"""
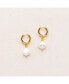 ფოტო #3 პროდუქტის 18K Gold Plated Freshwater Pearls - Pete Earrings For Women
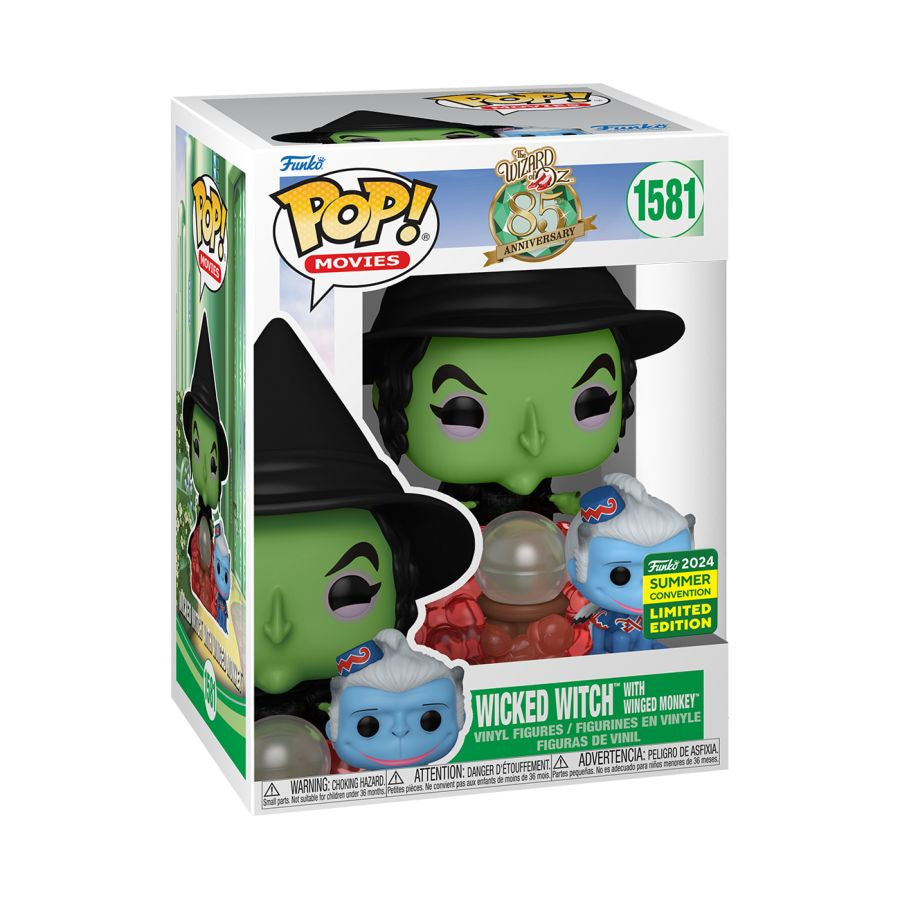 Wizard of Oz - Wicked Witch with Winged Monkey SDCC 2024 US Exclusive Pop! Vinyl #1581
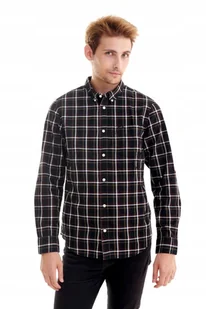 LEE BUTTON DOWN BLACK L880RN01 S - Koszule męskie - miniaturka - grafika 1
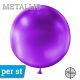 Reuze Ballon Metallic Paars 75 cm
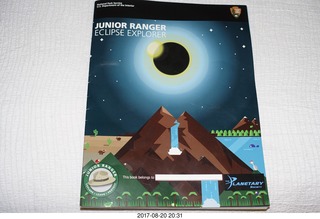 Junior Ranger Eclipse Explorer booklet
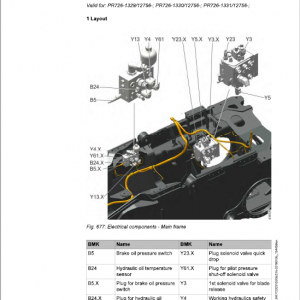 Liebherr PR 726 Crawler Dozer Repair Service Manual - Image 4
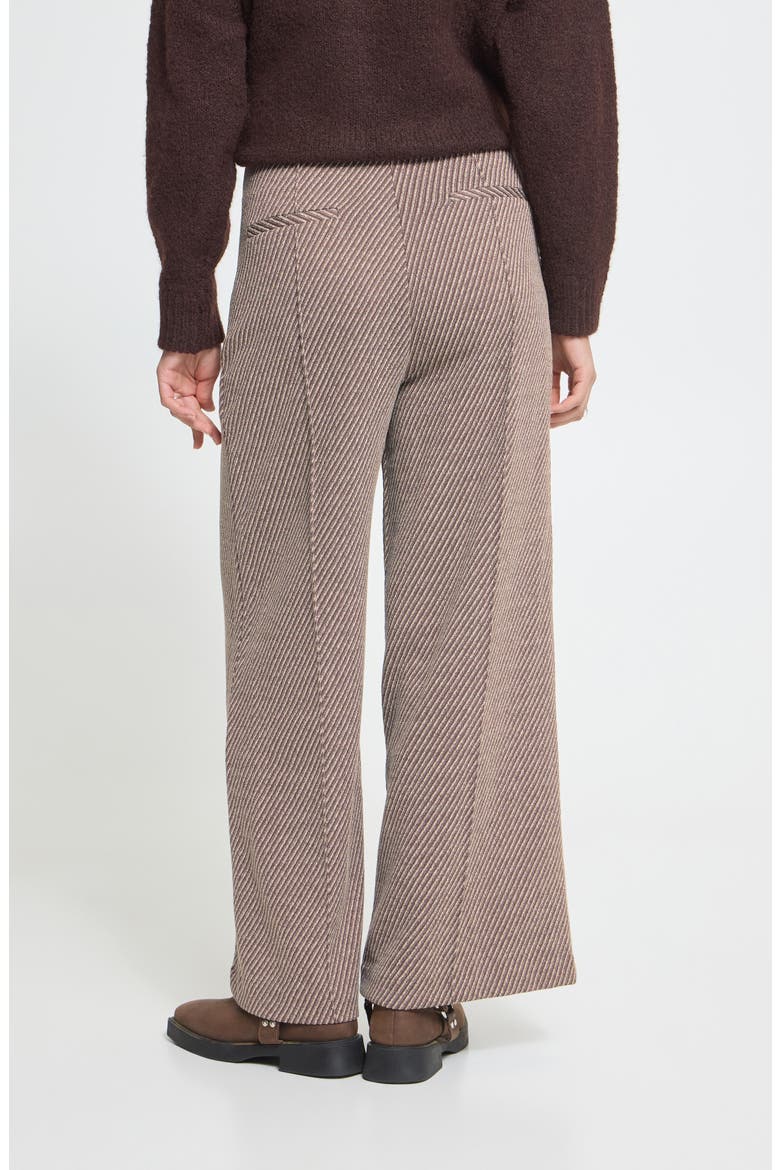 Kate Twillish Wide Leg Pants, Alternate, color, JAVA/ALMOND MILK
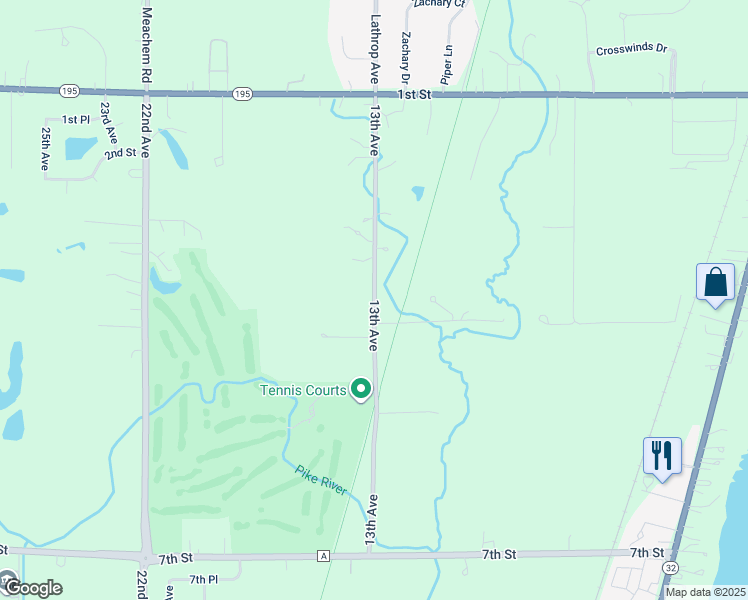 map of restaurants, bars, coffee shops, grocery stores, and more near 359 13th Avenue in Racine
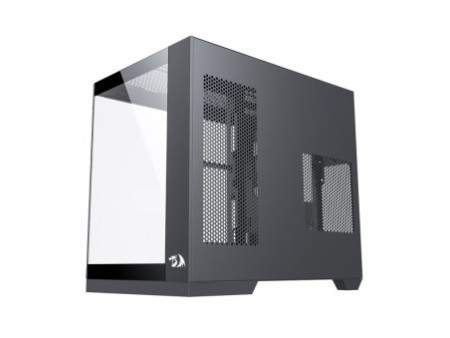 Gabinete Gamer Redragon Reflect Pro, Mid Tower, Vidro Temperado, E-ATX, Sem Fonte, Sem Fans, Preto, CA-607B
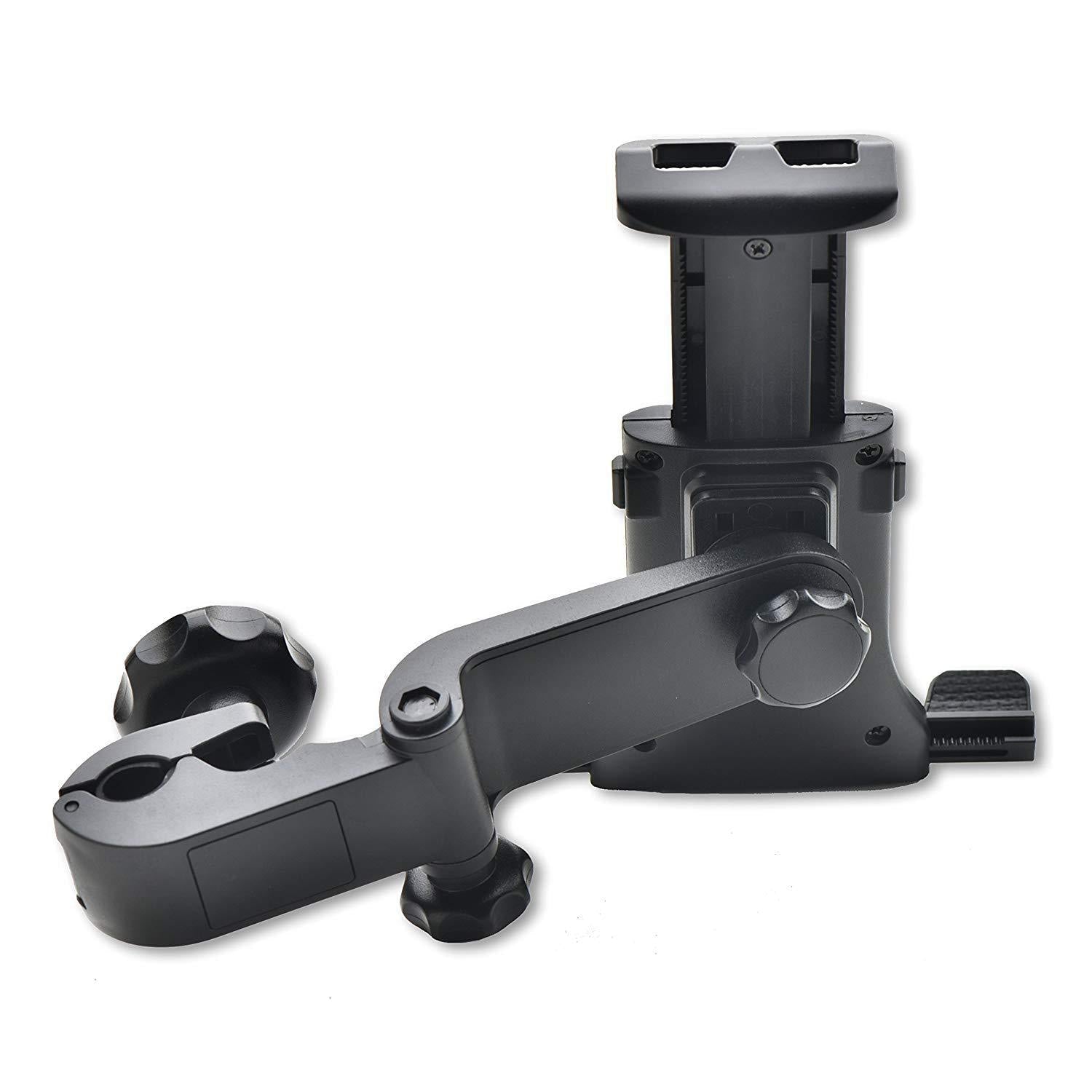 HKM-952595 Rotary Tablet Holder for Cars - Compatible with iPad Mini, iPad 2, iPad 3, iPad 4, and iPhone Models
"""
"""
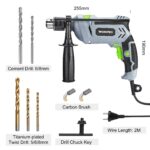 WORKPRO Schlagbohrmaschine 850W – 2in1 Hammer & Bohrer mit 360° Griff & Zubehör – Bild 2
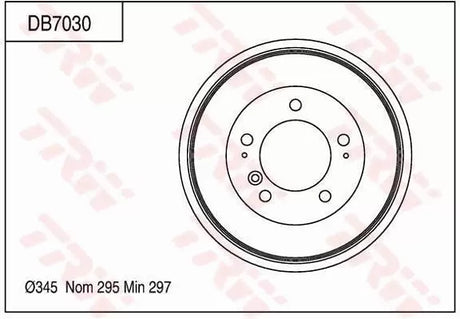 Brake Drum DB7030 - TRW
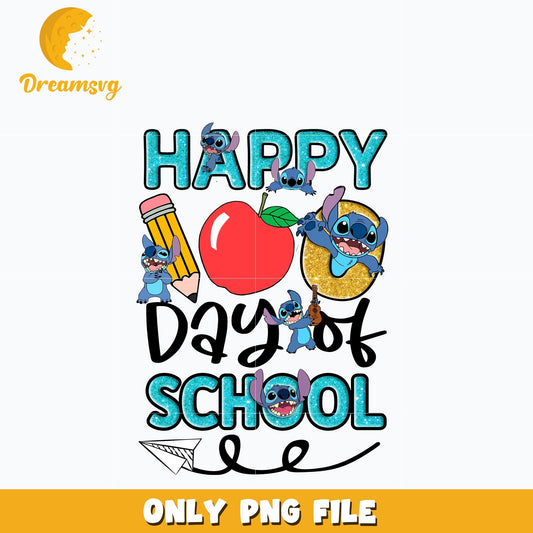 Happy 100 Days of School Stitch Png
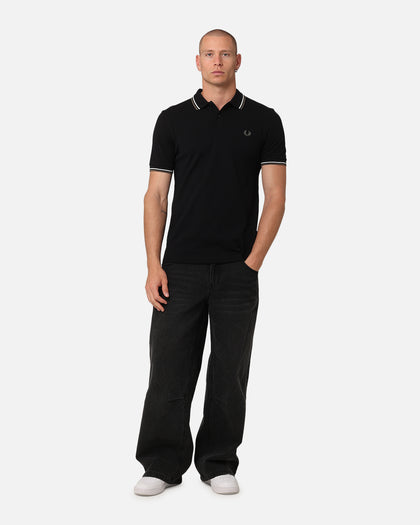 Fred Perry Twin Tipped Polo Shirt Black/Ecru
"""
→ Prompt: Return exactly the lines above, from the one with "ფოტო #3 პროდუქტის" up to and including the one with "HKM-952595 Rotary Tablet", and include no pictures.

→ Finished task:
 ფოტო #3 პროდუქტის 18K Gold Plated Freshwater Pearls - Pete Earrings For Women
 Wizard of Oz - Wicked Witch with Winged Monkey SDCC 2024 US Exclusive Pop! Vinyl #1581
 LEE BUTTON DOWN BLACK L880RN01 S - Koszule męskie - miniaturka - grafika 1
 Reuze Ballon Metallic Paars 75 cm
 Junior Ranger Eclipse Explorer booklet
 Liebherr PR 726 Crawler Dozer Repair Service Manual - Image 4
 Kate Twillish Wide Leg Pants, Alternate, color, JAVA/ALMOND MILK
 map of restaurants, bars, coffee shops, grocery stores, and more near 359 13th Avenue in Racine
 Gabinete Gamer Redragon Reflect Pro, Mid Tower, Vidro Temperado, E-ATX, Sem Fonte, Sem Fans, Preto, CA-607B
 HKM-952595 Rotary Tablet Holder for Cars - Compatible with iPad Mini, iPad 2, iPad 3, iPad 4, and iPhone Models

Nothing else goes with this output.